• [INSTRUCTIONS TO FOLLOW]: Everything in the listing below must be reproduced exactly, apart from its images.

• [COLLECTED DATA]:

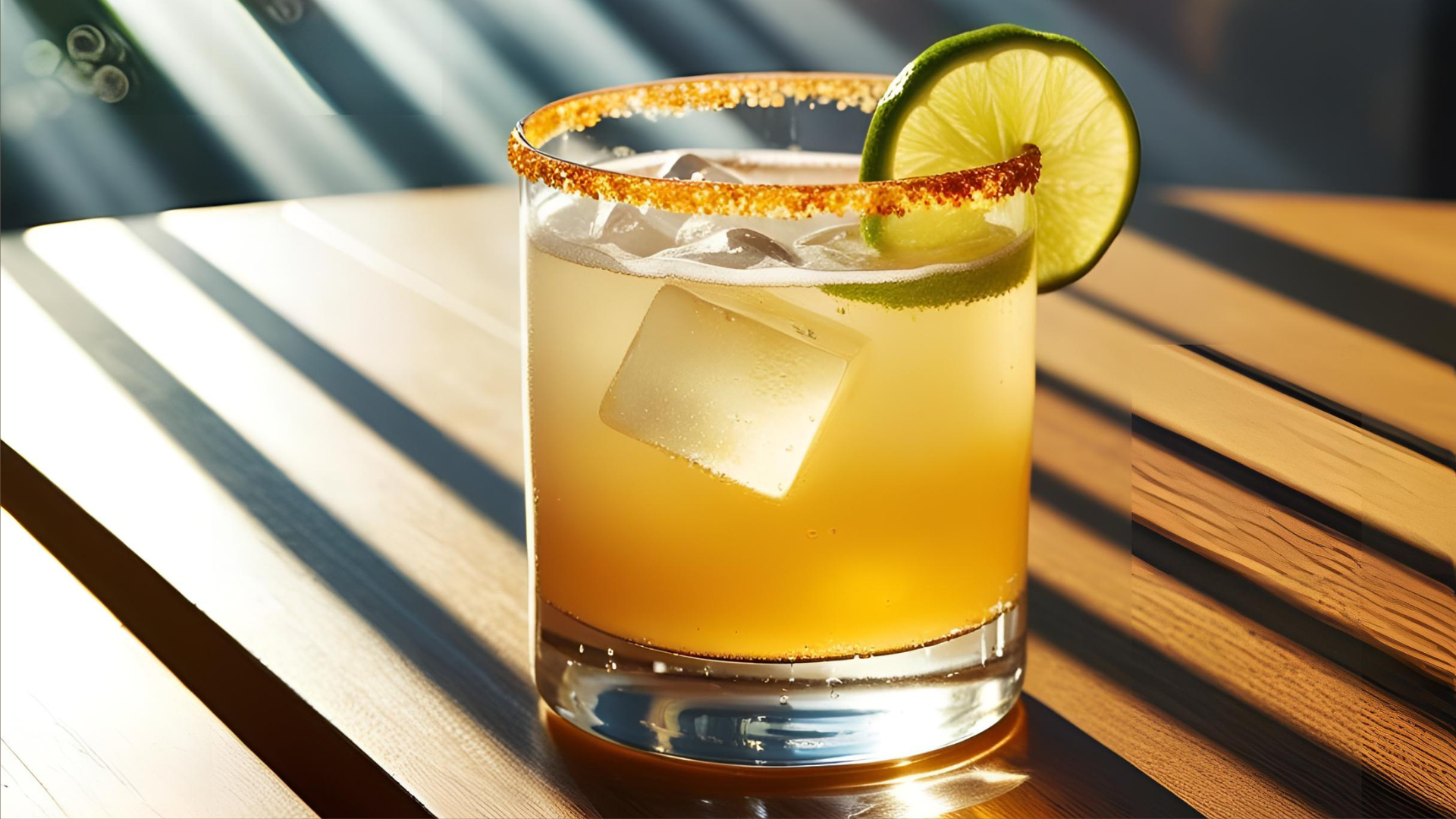 Dark & Stormy met Miracielo Spiced Rum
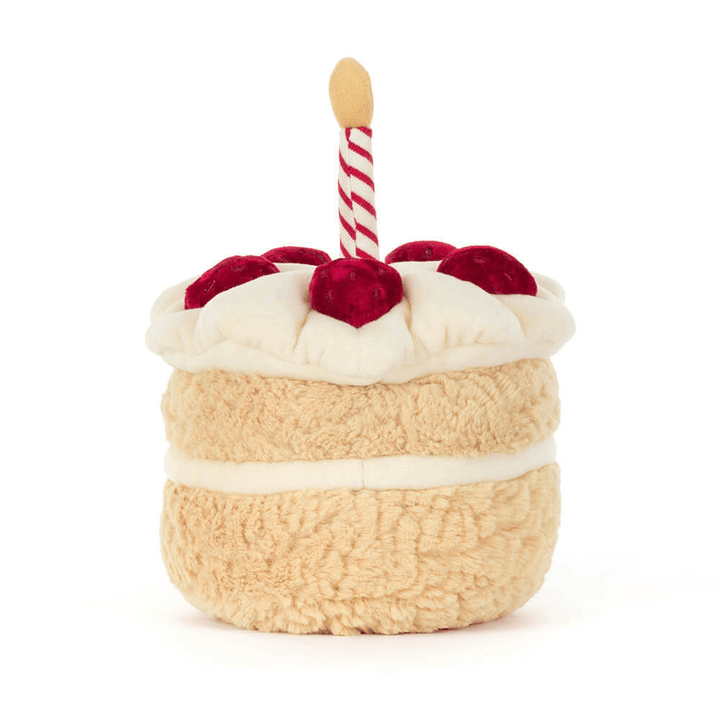 Jellycat Amuseable Birthday Cake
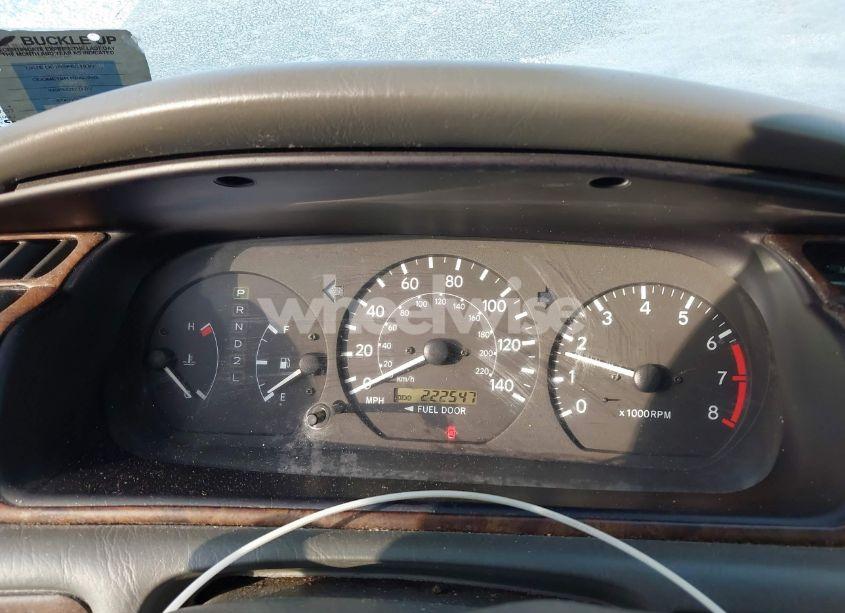 Photo 13 of 2000 Toyota Camry LE V6 (VIN 4T1BF22K9YU109946)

• [TASK RESULT]:
 Dark & Stormy met Miracielo Spiced Rum
 Jellycat Amuseable Birthday Cake
 Photo 13 of 2000 Toyota Camry LE V6 (VIN 4T1BF22K9YU109946)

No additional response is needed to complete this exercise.